PROVIDED ENTRIES →
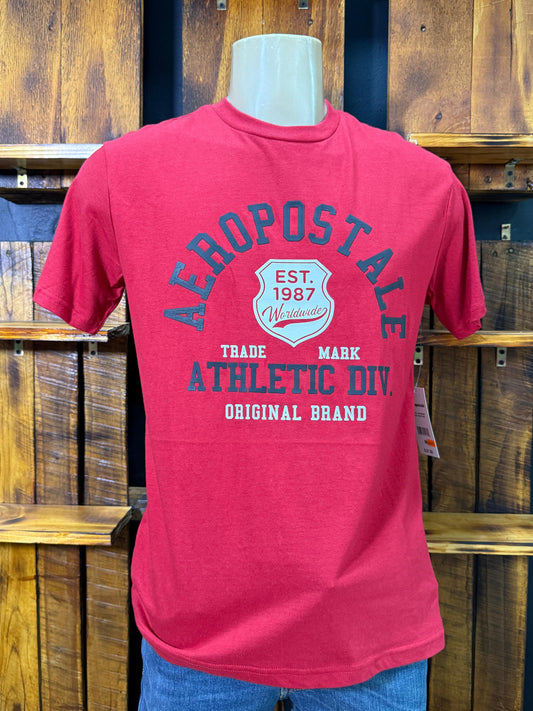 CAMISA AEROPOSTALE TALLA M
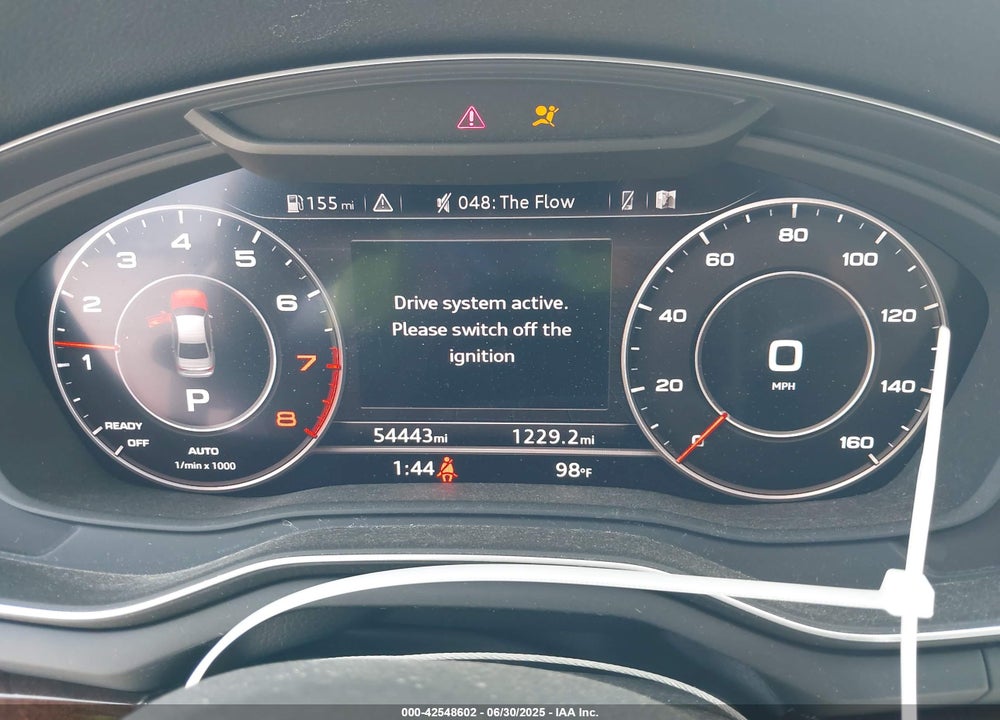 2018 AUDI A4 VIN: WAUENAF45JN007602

==

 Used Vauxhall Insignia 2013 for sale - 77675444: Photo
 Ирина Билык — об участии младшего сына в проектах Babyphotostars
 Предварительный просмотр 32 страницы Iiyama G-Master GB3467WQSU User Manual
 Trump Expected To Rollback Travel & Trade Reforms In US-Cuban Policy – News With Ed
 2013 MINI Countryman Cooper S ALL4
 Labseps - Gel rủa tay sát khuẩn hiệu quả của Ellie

REQUIREMENT → Could you return exactly the lines above from the line with "Предварительный просмотр 32" to the line with "Labseps - Gel", both included, and nothing else?

YOUR SOLUTION →
 Предварительный просмотр 32 страницы Iiyama G-Master GB3467WQSU User Manual
 Trump Expected To Rollback Travel & Trade Reforms In US-Cuban Policy – News With Ed
 2013 MINI Countryman Cooper S ALL4
 Labseps - Gel rủa tay sát khuẩn hiệu quả của Ellie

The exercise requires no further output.